[Hadoop-Distcp] tool introduction and parameter description

[Hadoop-Distcp] tool introduction and parameter description

1 Overview

Distcp (distributed copy) is a tool for large-scale intra-cluster and inter-cluster copy. It uses Map/Reduce for file distribution, error handling and recovery, and report generation.

Distcp takes a list of files and directories as input to map tasks, and each task copies some of the files in the source list.
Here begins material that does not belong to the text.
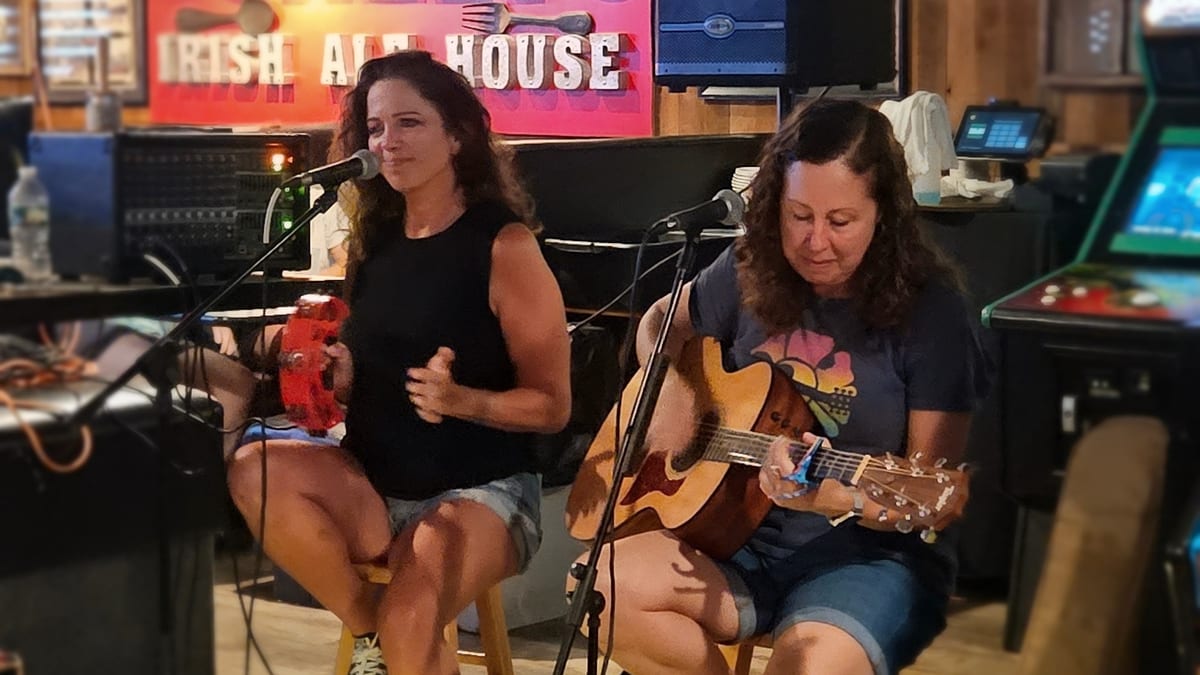 Keno, Live Music, Karaoke & Bingo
Official website address:http://hadoop.apache.org/docs/r2.7.0/hadoop-distcp/DistCp.html

2) The suitable scene and its advantages

1. Suitable scene:

Data remote disaster, computer room offline, data migration, etc.

2. Advantages:

① Yes 限制带宽, use bandwidththe parameter to limit the flow of each map task of distcp, and control the concurrent number of maps to control the bandwidth of the entire copy task, preventing the copy task from filling up the bandwidth and affecting other services.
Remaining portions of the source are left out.